### DATA SUPPLIED
>>>>
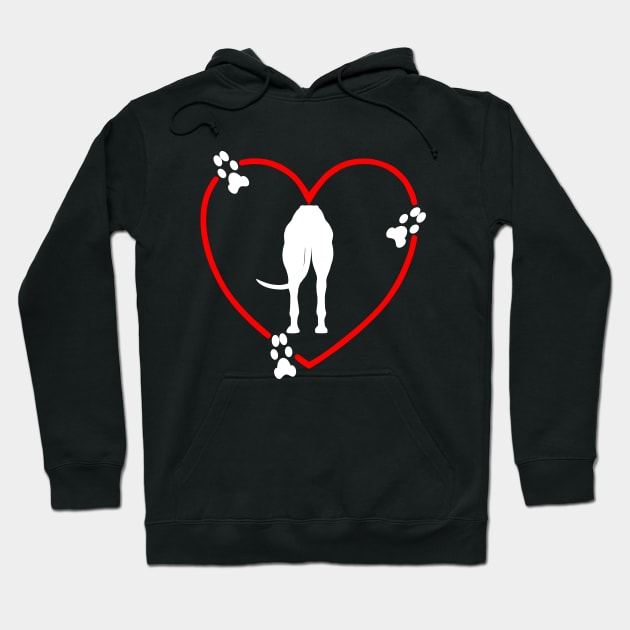 White Greyhound Butt Red Love Heart Paw Prints Hoodie by Greyt Graphical Greyhound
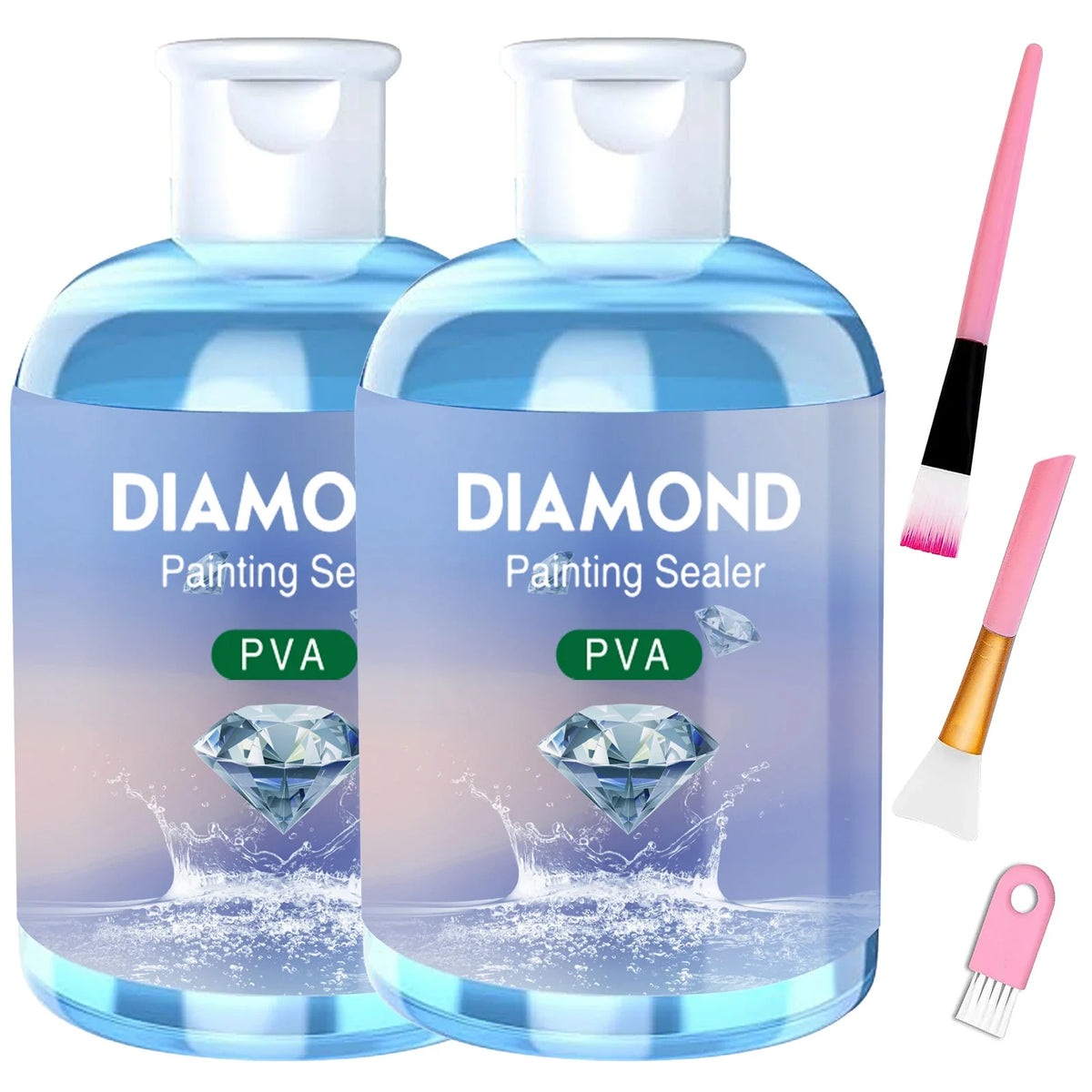 Diamond Painting Sealer Glue Kit - 120ML Puzzle Glue with 3 Brushes and Accessories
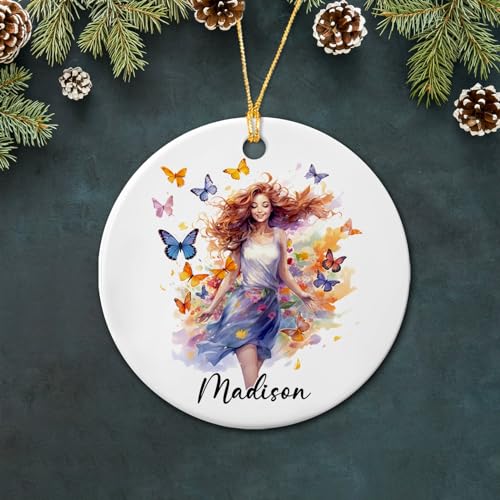 Personalized Red Hair Ceramic Ornament Gift for Girl Her Women, Unique Redhead Christmas Ornament, Custom Red Hair Lover Ceramic Ornament Gift for Christmas Birthday Friend, Ginger Snap Ornament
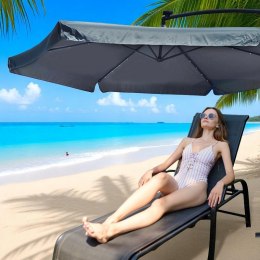 Parasol ogrodowy z oświetleniem SOLAR LED, wysięgnik i falbanka, grafitowy 3,5 m. OGP11SZ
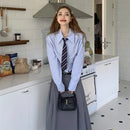 Jk Women Blue Shirt Korean Preppy Style Sweet Tie Long Sleeve Female Blouse Spring New Fashion Turn Down Collar Ladies Tops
<<<<
### YOUR TASK
Return the entries verbatim without images.

### TASK RESPONSE
 White Greyhound Butt Red Love Heart Paw Prints Hoodie by Greyt Graphical Greyhound
 Diamond Painting Sealer Glue Kit - 120ML Puzzle Glue with 3 Brushes and Accessories
 Personalized Red Hair Ceramic Ornament Gift for Girl Her Women, Unique Redhead Christmas Ornament, Custom Red Hair Lover Ceramic Ornament Gift for Christmas Birthday Friend, Ginger Snap Ornament
 Parasol ogrodowy z oświetleniem SOLAR LED, wysięgnik i falbanka, grafitowy 3,5 m. OGP11SZ
 Jk Women Blue Shirt Korean Preppy Style Sweet Tie Long Sleeve Female Blouse Spring New Fashion Turn Down Collar Ladies Tops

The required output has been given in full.